Exactly as written, print out each entry in the data, with no pictures.

(Crawled caption data):
-*-*-
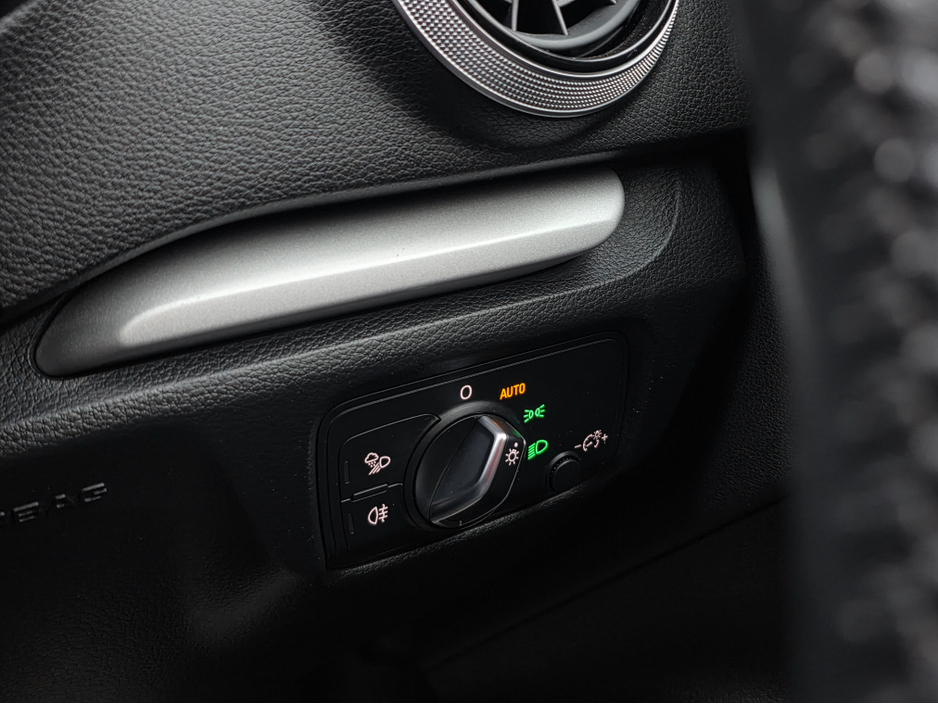 2017 Audi A3 ( 172 REG 1.4 TFSI FACE-LIFT  SMARTPHONE INTERFACE- SATNAV - VIRTUAL COCKPIT - NAVIGATION REVERSING CAMERA -  PARKING SENSORS €17,950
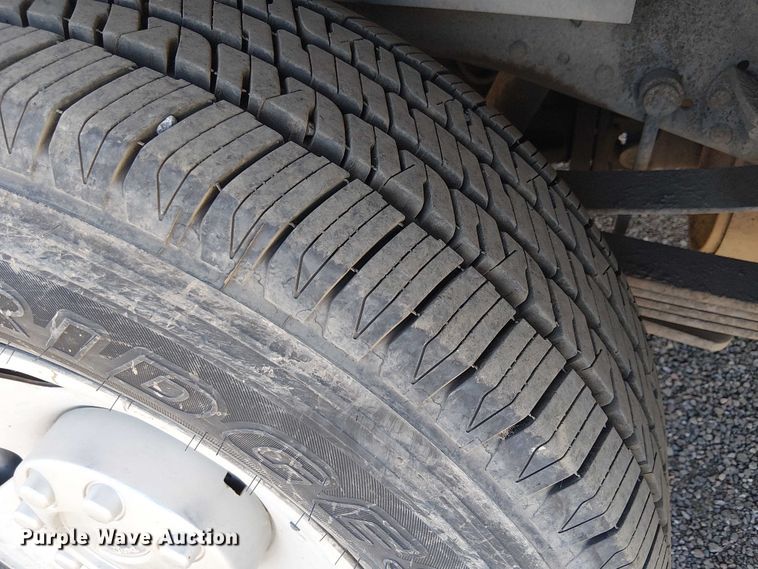 image for item EC1295 2008 Ford F250 Super Duty utility bed pickup truck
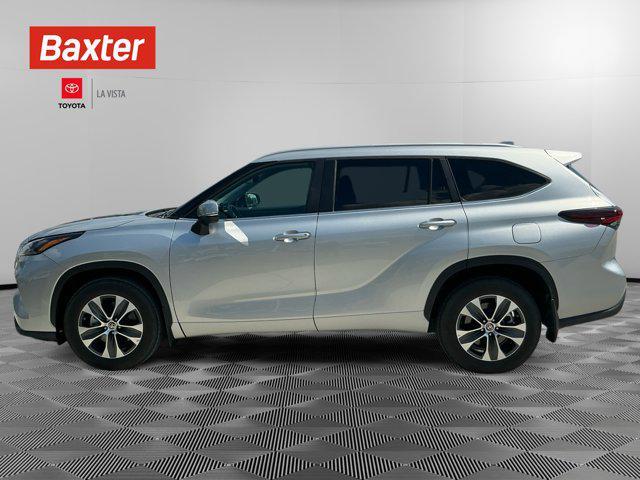 used 2024 Toyota Highlander car, priced at $43,688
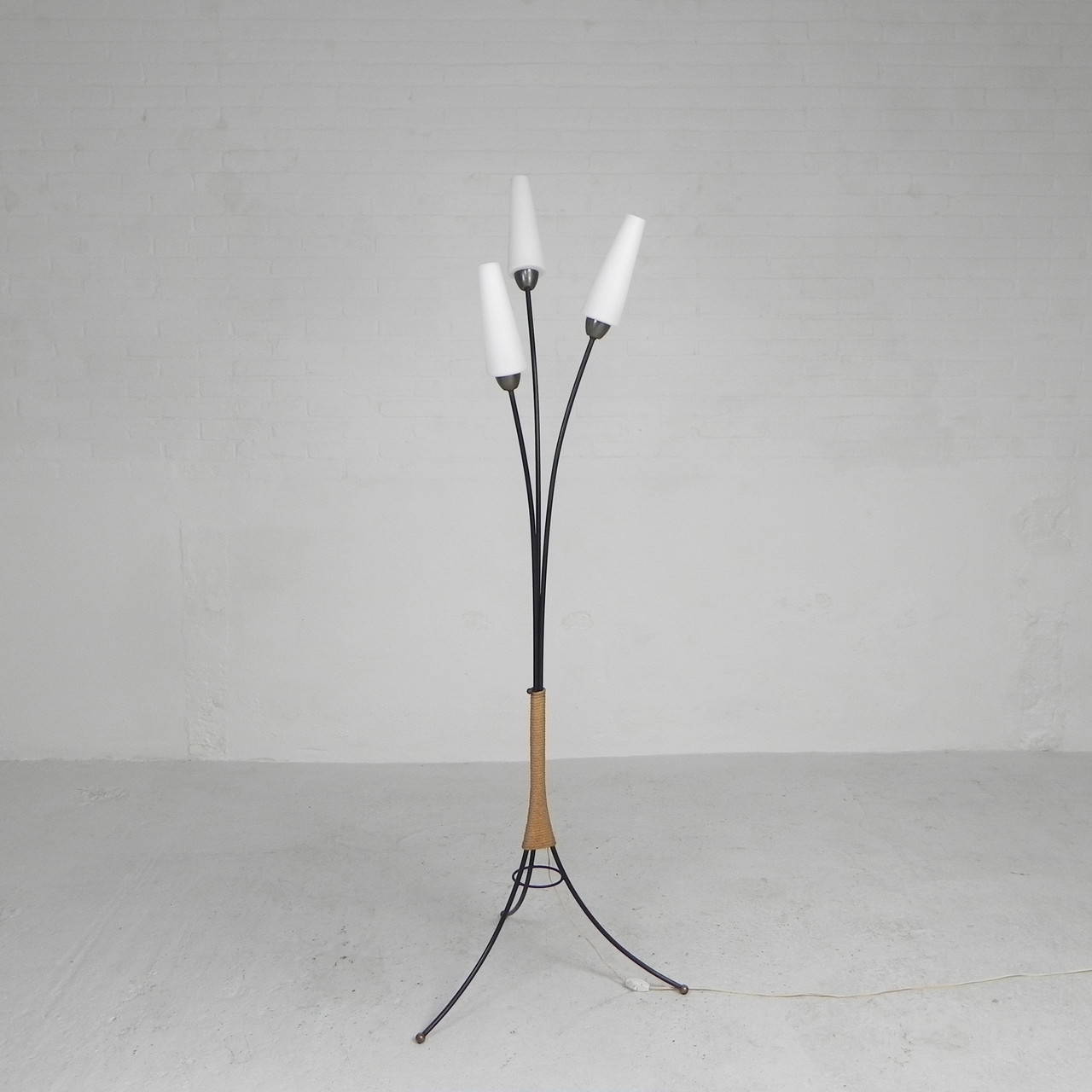 Stehende Koboldlampe mit 3 Glaskelchen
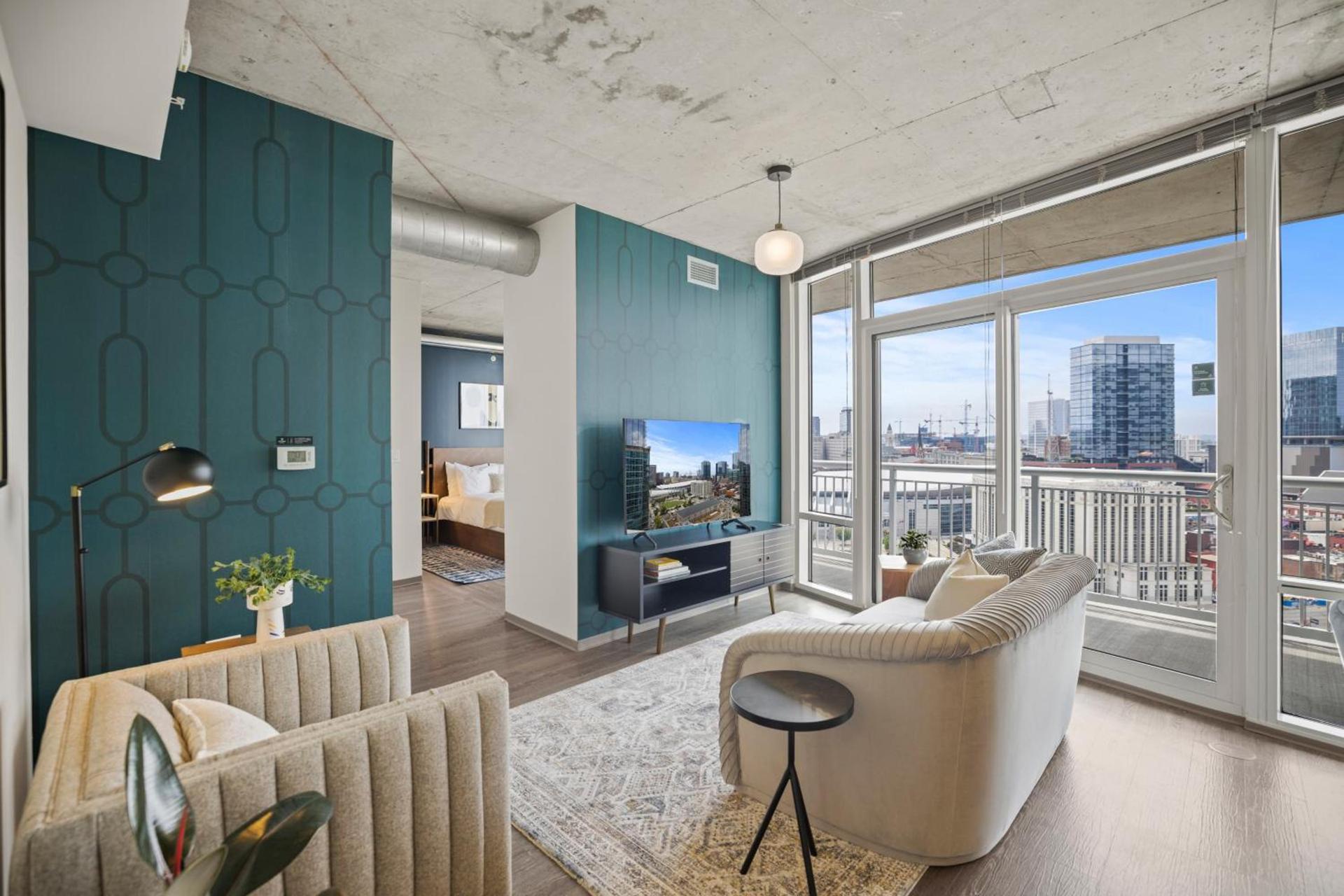 Placemakr Premier SoBro photo 32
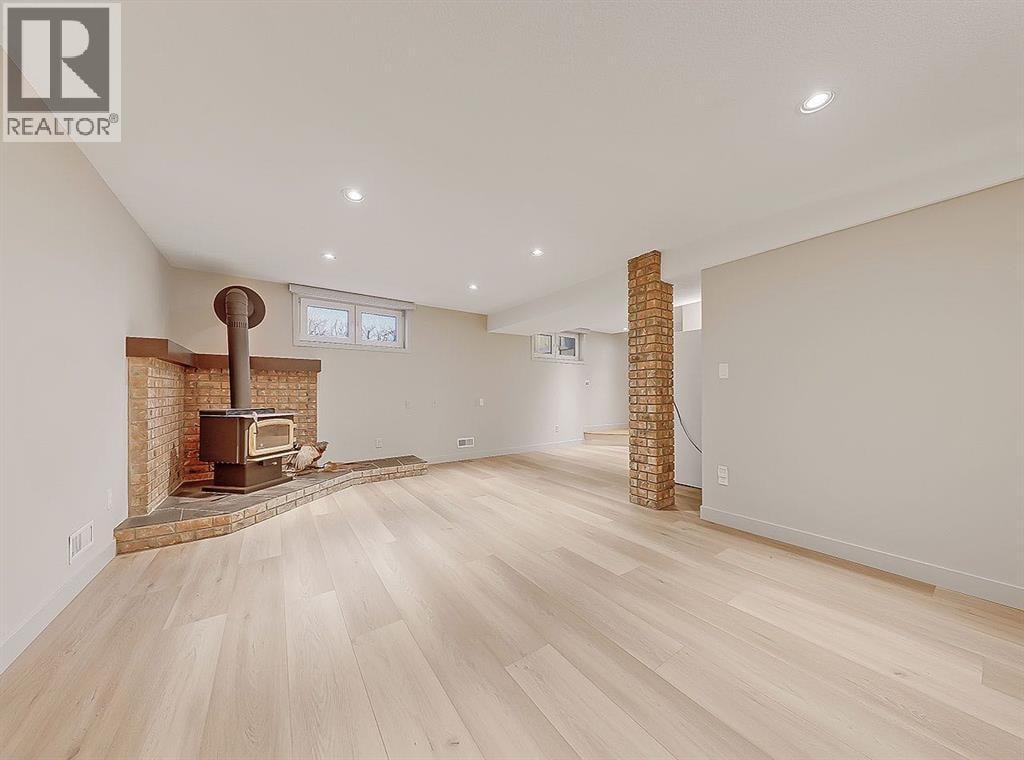44 Granlea Place SW — photo 19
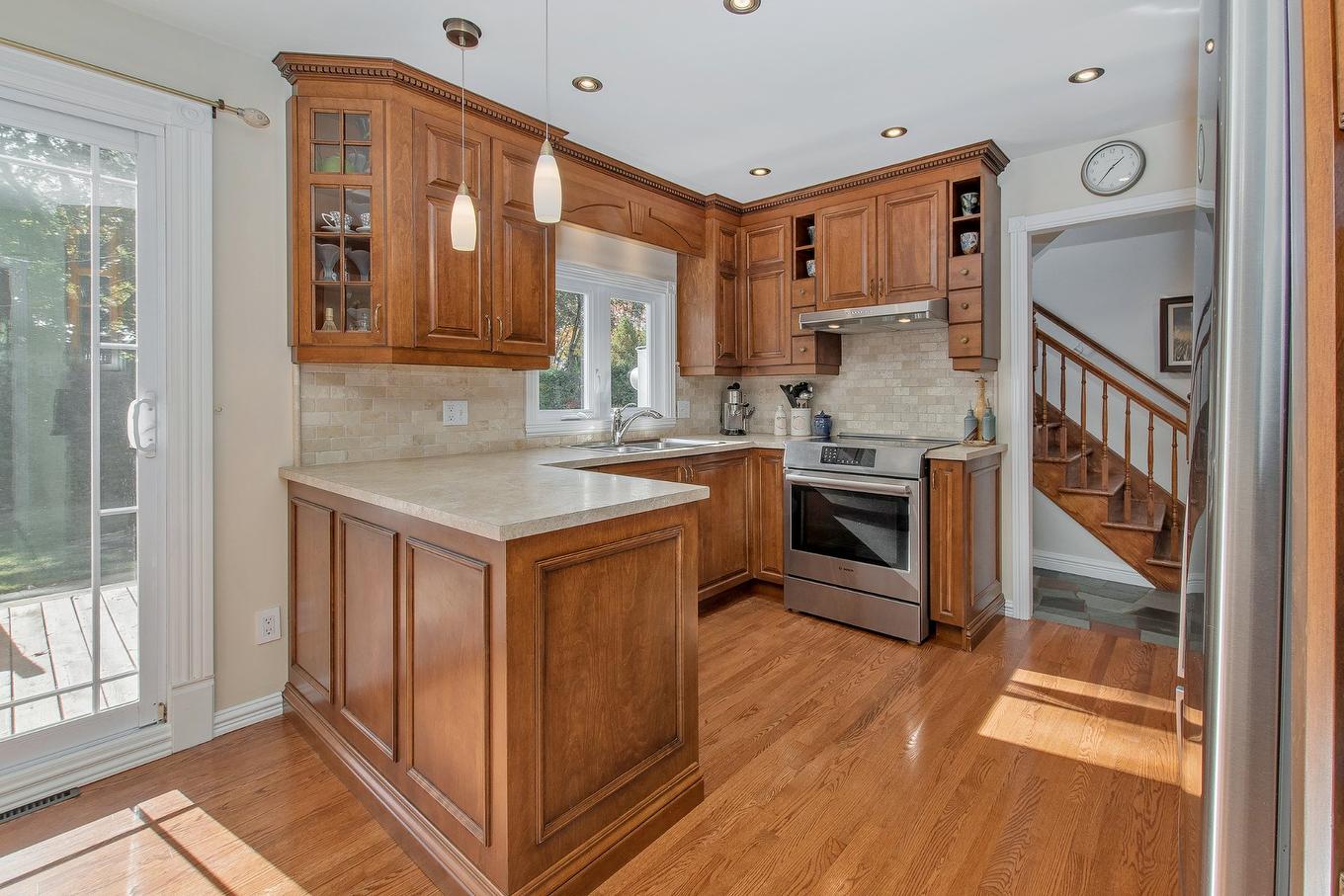Kitchen - 668 Rue Léveillé, Sainte-Thérèse, QC - Indoor Photo Showing Kitchen With Double Sink
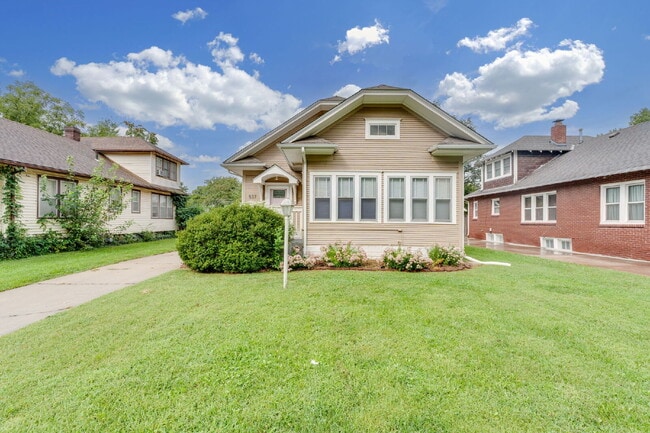 property at 537 N Crestway St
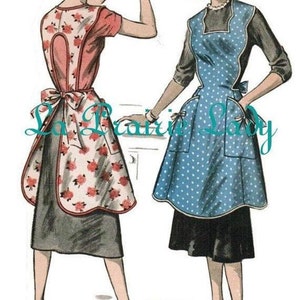 Peut inclure: Deux patrons d'aprons vintage avec des illustrations de femmes portant les tabliers. Le tablier de gauche est rouge avec un imprimé floral et un dos découpé. Le tablier de droite est bleu avec des pois blancs et deux poches.
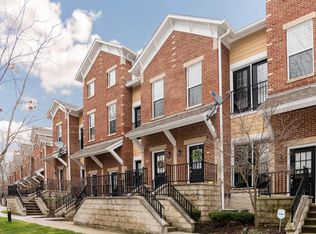 1019 Reserve Way, Indianapolis, IN 46220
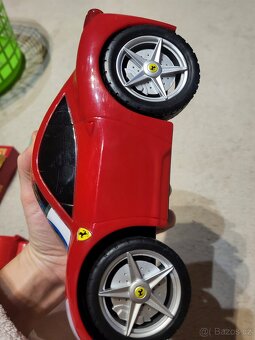 R/C auto Ferrari 458 - 7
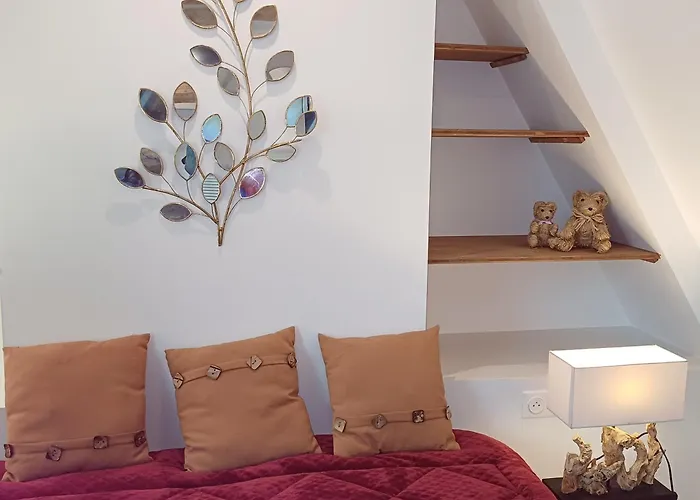 Pensjonat Le Sourire Du Troubadour - 8 - Baignade A 300 M - Salle De Jeux - Poele A Bois *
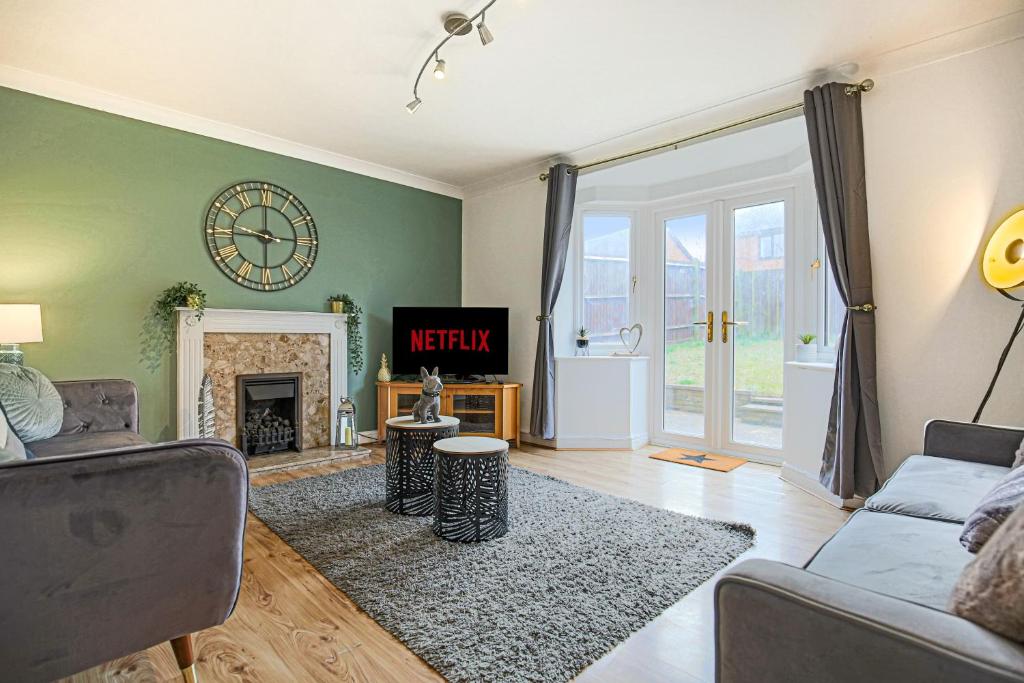Detached House With Free Parking, Garden, Fast Wifi And Smart Tv With Netflix By Yoko Property - Buckinghamshire
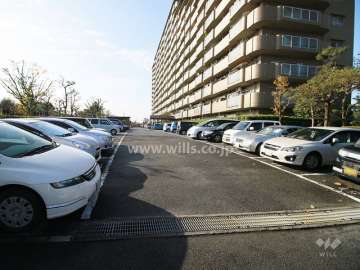敷地内駐車場（屋外平面式）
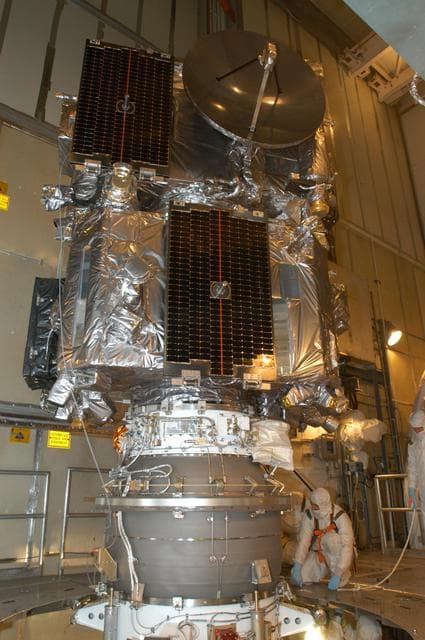 NASA image: KSC-06pd2370
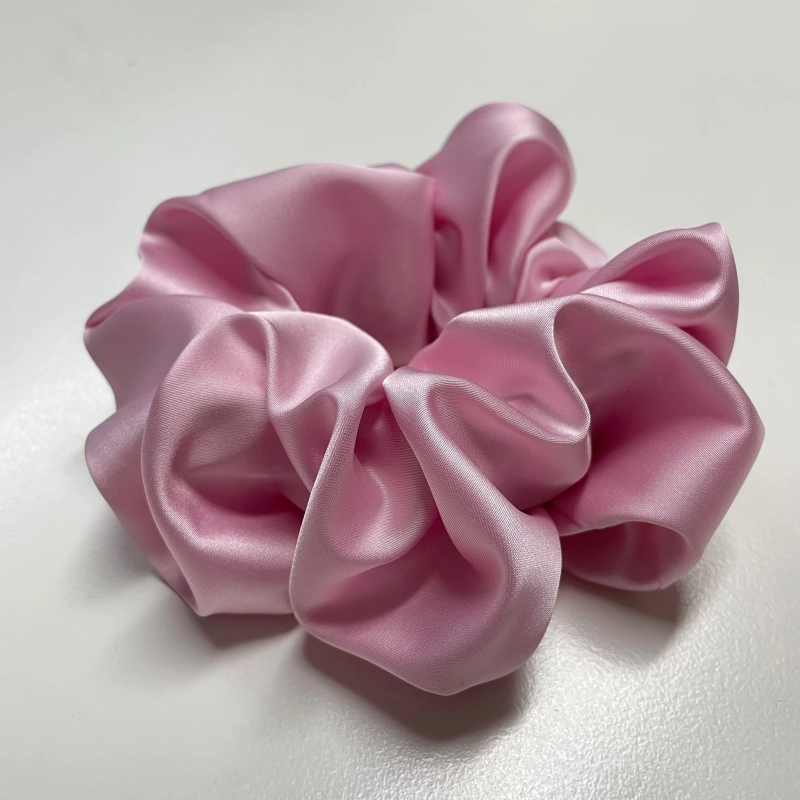 Jedwabna gumka do włosów - scrunchie - gładka różowa  - średnia/duża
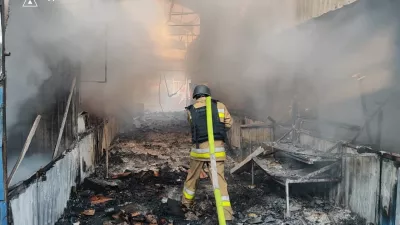 In this photo provided by the Ukrainian Emergency Service, firefighters put out a fire following a Russian air attack in Kramatorsk, Ukraine, Monday, Aug. 10, 2026. (Ukrainian Emergency Service via AP)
-*-*-
(Problem solution):
 2017 Audi A3 ( 172 REG 1.4 TFSI FACE-LIFT  SMARTPHONE INTERFACE- SATNAV - VIRTUAL COCKPIT - NAVIGATION REVERSING CAMERA -  PARKING SENSORS €17,950
 image for item EC1295 2008 Ford F250 Super Duty utility bed pickup truck
 used 2024 Toyota Highlander car, priced at $43,688
 Stehende Koboldlampe mit 3 Glaskelchen
 Placemakr Premier SoBro photo 32
44 Granlea Place SW — photo 19
Kitchen - 668 Rue Léveillé, Sainte-Thérèse, QC - Indoor Photo Showing Kitchen With Double Sink
 property at 537 N Crestway St
 Peut inclure: Deux patrons d'aprons vintage avec des illustrations de femmes portant les tabliers. Le tablier de gauche est rouge avec un imprimé floral et un dos découpé. Le tablier de droite est bleu avec des pois blancs et deux poches.
 1019 Reserve Way, Indianapolis, IN 46220
 R/C auto Ferrari 458 - 7
 Pensjonat Le Sourire Du Troubadour - 8 - Baignade A 300 M - Salle De Jeux - Poele A Bois *
Detached House With Free Parking, Garden, Fast Wifi And Smart Tv With Netflix By Yoko Property - Buckinghamshire
敷地内駐車場（屋外平面式）
 NASA image: KSC-06pd2370
 Jedwabna gumka do włosów - scrunchie - gładka różowa  - średnia/duża
 In this photo provided by the Ukrainian Emergency Service, firefighters put out a fire following a Russian air attack in Kramatorsk, Ukraine, Monday, Aug. 10, 2026. (Ukrainian Emergency Service via AP)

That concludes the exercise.